▸ ABOUT THIS EXERCISE
The data beneath this task is to be duplicated exactly, in its entirety.

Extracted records
****************************************
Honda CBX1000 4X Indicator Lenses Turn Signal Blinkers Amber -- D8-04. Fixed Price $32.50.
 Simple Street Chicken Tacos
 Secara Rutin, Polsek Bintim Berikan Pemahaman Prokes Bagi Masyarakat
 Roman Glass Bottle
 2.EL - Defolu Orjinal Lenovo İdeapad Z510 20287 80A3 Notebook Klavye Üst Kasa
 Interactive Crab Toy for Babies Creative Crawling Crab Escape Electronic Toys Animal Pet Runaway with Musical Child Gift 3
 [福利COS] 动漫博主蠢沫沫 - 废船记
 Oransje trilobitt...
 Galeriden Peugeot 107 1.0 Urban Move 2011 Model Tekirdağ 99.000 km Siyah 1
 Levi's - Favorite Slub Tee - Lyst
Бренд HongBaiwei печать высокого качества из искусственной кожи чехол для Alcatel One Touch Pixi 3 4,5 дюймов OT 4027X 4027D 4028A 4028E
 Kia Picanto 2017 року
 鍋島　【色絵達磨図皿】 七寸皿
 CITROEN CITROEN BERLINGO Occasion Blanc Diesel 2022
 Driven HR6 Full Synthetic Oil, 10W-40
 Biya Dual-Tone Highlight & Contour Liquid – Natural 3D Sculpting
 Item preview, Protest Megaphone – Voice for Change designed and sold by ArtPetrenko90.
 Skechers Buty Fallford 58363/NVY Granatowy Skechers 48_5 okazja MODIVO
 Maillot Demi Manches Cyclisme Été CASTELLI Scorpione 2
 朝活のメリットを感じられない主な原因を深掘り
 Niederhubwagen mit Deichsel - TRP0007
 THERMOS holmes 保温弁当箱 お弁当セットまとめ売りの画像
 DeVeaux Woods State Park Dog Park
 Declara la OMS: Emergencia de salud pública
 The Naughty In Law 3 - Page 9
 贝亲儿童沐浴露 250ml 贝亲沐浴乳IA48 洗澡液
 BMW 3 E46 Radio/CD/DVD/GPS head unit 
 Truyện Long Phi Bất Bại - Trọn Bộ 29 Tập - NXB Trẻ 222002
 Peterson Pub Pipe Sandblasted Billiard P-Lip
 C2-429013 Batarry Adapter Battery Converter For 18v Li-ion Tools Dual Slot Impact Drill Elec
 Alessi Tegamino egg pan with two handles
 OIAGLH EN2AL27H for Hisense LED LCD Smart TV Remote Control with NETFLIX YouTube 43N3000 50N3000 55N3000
****************************************
▸ RESPONSE TO THIS EXERCISE
Honda CBX1000 4X Indicator Lenses Turn Signal Blinkers Amber -- D8-04. Fixed Price $32.50.
 Simple Street Chicken Tacos
 Secara Rutin, Polsek Bintim Berikan Pemahaman Prokes Bagi Masyarakat
 Roman Glass Bottle
 2.EL - Defolu Orjinal Lenovo İdeapad Z510 20287 80A3 Notebook Klavye Üst Kasa
 Interactive Crab Toy for Babies Creative Crawling Crab Escape Electronic Toys Animal Pet Runaway with Musical Child Gift 3
 [福利COS] 动漫博主蠢沫沫 - 废船记
 Oransje trilobitt...
 Galeriden Peugeot 107 1.0 Urban Move 2011 Model Tekirdağ 99.000 km Siyah 1
 Levi's - Favorite Slub Tee - Lyst
Бренд HongBaiwei печать высокого качества из искусственной кожи чехол для Alcatel One Touch Pixi 3 4,5 дюймов OT 4027X 4027D 4028A 4028E
 Kia Picanto 2017 року
 鍋島　【色絵達磨図皿】 七寸皿
 CITROEN CITROEN BERLINGO Occasion Blanc Diesel 2022
 Driven HR6 Full Synthetic Oil, 10W-40
 Biya Dual-Tone Highlight & Contour Liquid – Natural 3D Sculpting
 Item preview, Protest Megaphone – Voice for Change designed and sold by ArtPetrenko90.
 Skechers Buty Fallford 58363/NVY Granatowy Skechers 48_5 okazja MODIVO
 Maillot Demi Manches Cyclisme Été CASTELLI Scorpione 2
 朝活のメリットを感じられない主な原因を深掘り
 Niederhubwagen mit Deichsel - TRP0007
 THERMOS holmes 保温弁当箱 お弁当セットまとめ売りの画像
 DeVeaux Woods State Park Dog Park
 Declara la OMS: Emergencia de salud pública
 The Naughty In Law 3 - Page 9
 贝亲儿童沐浴露 250ml 贝亲沐浴乳IA48 洗澡液
 BMW 3 E46 Radio/CD/DVD/GPS head unit 
 Truyện Long Phi Bất Bại - Trọn Bộ 29 Tập - NXB Trẻ 222002
 Peterson Pub Pipe Sandblasted Billiard P-Lip
 C2-429013 Batarry Adapter Battery Converter For 18v Li-ion Tools Dual Slot Impact Drill Elec
 Alessi Tegamino egg pan with two handles
 OIAGLH EN2AL27H for Hisense LED LCD Smart TV Remote Control with NETFLIX YouTube 43N3000 50N3000 55N3000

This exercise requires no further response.